The letter said that scientific innovation "requires the flow of people and ideas across borders to allow the rapid exchange of ideas, experience and technology."
"Creating new barriers for such an easy collaboration will inhibit progress, to the detriment of all of us," the signatories said.
The British government says it is looking for "an ambitious relationship in science and innovation with our EU partners" after Brexit.
But the details of the new agreements will not be resolved until the United Kingdom leaves the bloc in March.
The two parties hope to have the contours of an agreement on future relations by then.
Worries about Brexit are high in Crick, based in London, with only 10% of scientists confident in the future of science in the UK.
Of the 97 percent who believe that a difficult Brexit will be bad for science, 76 percent said they felt very negative, while 21 percent said they felt negative.
Only four percent think that the government is committed to getting a good deal for science and only three percent think that the scientific community is being heard.
In a written statement, Sir Paul said: This survey reveals the deep feeling among scientists that a difficult Brexit will seriously damage research in the UK, and that the government is not paying enough attention to science in the United States. Brexit negotiations.
& # 39; Science and research are important for the economic growth of the United Kingdom, for the health and quality of life of the nation and for the environment.
& # 39; The overwhelming negativity of scientists towards a difficult Brexit should be a wake-up call for the country and the government.
A difficult Brexit could paralyze the science of the United Kingdom and the government needs to sit down and listen.
"We need an agreement that replaces the scientific funding lost due to Brexit, which preserves the freedom of movement for talented scientists, and makes them feel welcome in this country."

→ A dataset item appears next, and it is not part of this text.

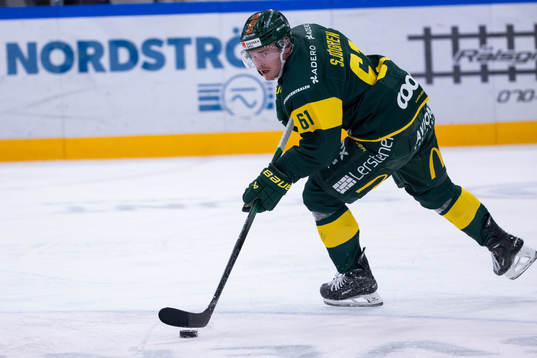 Björklövens Malte Sjögren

The £ 650 million Crick Institute represents a major government investment in UK science and is the largest biomedical research facility under one roof in Europe. Worries about Brexit are high, with only 10 percent of scientists confident in the future of UK science (stock)
The £ 650 million Crick Institute represents a major government investment in UK science and is the largest biomedical research facility under one roof in Europe.
One of Crick's main objectives is to act as a beacon for the best scientific talent in the United Kingdom and the rest of the world. It attracts leading scientists to the UK with the goal that many of them eventually bring their skills to other British institutions.
However, the survey suggests that because of Brexit, many Crick scientists are now significantly less likely to remain in the UK when they seek their next role.
Half of Crick's scientists are less likely to remain in the UK when they leave the institute (25% less likely, 26% less likely) and only 7% are confident that the UK will continue to attract the best scientific talent.
"A difficult Brexit raises the concern that there could be a significant loss of scientists from the United Kingdom, particularly the young scientific talent on which the future of the country will depend," added Sir Paul.
"This will greatly diminish our ability to make scientific discoveries that will help our country thrive, and that means we will all suffer."